Documentary Writing, Fall 2011: The iPad as a Creative Tool

Duncan Murrell is a Writer in Residence at Duke’s Center for Documentary Studies.  During the Fall 2011 semester, he used iPads with his students in DOCST 111S – Documentary Writing.  He details the experience that he and his students had in the following guest blog post:

Our class was a writing class, specifically a seminar in the reading and writing of long-form narrative, documentary nonfiction. In a typical semester, students read several books-worth of long magazine articles and write more than 60 pages of drafts and stories. Secondarily, students often gather documentation, in the form of photographs and recordings, to supplement their written work. It’s an intense class.

We began our semester with iPads (Fall 2011) with high hopes of using them to both consume (read, edit, make notes) writing and to create works of narrative nonfiction. In practice, the iPad proved to be very useful for the distribution and reading of work, and not very useful at all for the making of new work.

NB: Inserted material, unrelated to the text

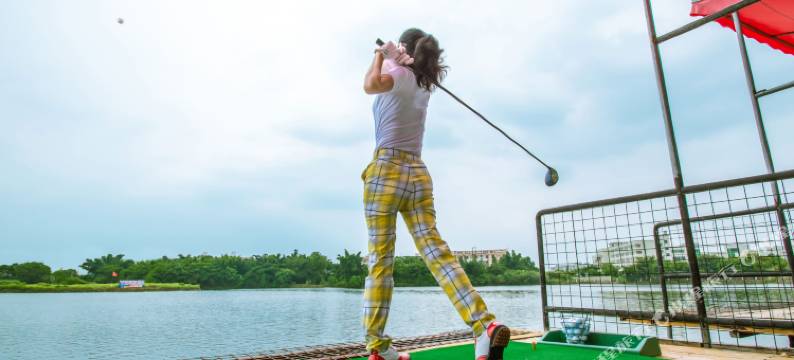 惠州青塘湖智能酒店(水口湖滨公园店)图片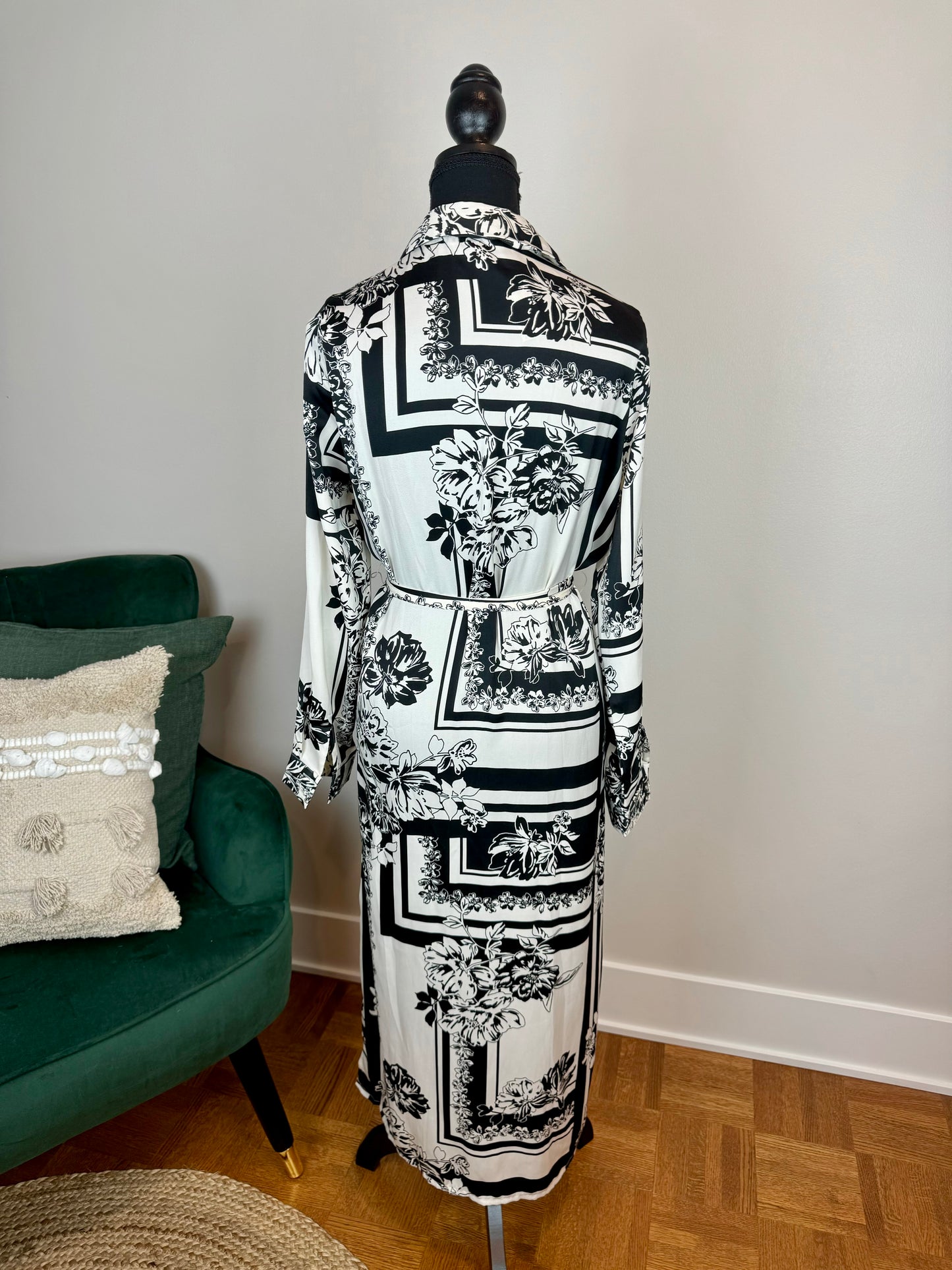 Robe à motif Vero Moda - Small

We used the iPads to distribute the readings, by pdf, to each student once a week. That worked very, very well, and the students liked it. We used Dropbox for this.

We also used Dropbox for the submission of one of their papers, which were received by me on my own iPad via Dropbox. To edit and revise the papers, I used Goodreader via import from Dropbox. I found the process of editing on Goodreader interesting and nifty, but ultimately too slow. The stylus works OK, but it’s really not fine enough for detailed writing and marking. When editing with Goodreader, most of the time I used the line-drawing and commenting functions instead of the free-hand function; these were nice, too, but it’s still a lot of clicking and awfully slow. I estimated that grading and commenting on a paper takes me at least twice as long on the iPad, using Goodreader, than it does when I take a pencil to paper. Also:  this system required that students submit their papers as pdfs, which was hard to get students to remember to do. If they weren’t submitted as pdfs, I’d have to take a half dozen extra steps to convert to pdf using another app. It was a bit of a pain.

Obviously, the consumption of text and other media works really well on the iPad. The device is perfectly built for reading, watching film clips and looking at photographs. It’s a different story when it comes to making recordings or taking photographs. The camera isn’t great, and when photos are enlarged  on the iPad the resolution is, there’s no way to get around this, pretty awful. Audio and video recordings are OK, but no better (and usually worse) than what we get on our lowest-end recording equipment here at CDS, or on the other equipment available for circulation at The Link. In fact, it’s hard to imagine a situation in which a student, journalist, or documentarian would prefer to use the iPad for photographing or recording, when some other piece of equipment was available. In my experience, even an iPhone or similar smartphone is a far, far better solution for fieldwork:  it’s small, unobtrusive, and easy to manipulate. The third-party equipment available for the smartphones (microphones, stands, etc) are far better. For doing fieldwork, it’s been my impression that the iPad would be a choice of last resort — it’s clunky, and doesn’t do the job as well as other cheaper pieces of equipment.

I would tend to say the same thing about writing on the iPad, except:   the experience of using the iPad with a separate, full-sized keyboard is amazing. (I had the chance to do this a couple times.) Without the separate keyboard, typing is a real drag;  but with the keyboard and a good app, especially the brilliant Phraseology, the portability and total immersion in the writing environment made working on the iPad a real pleasure.  I’d say the experience of using an iPad with an external keyboard is equivalent to using a MacBook Air (or equivalent), and somewhat more versatile.

In short, our experience of the iPad in the classroom was that it was good for reading and watching and distributing class materials, excellent for writing if you have an external keyboard, and not terribly good for photography or recording. I believe my students would also say it’s got some pretty sweet games, too. I wouldn’t know anything about that, of course.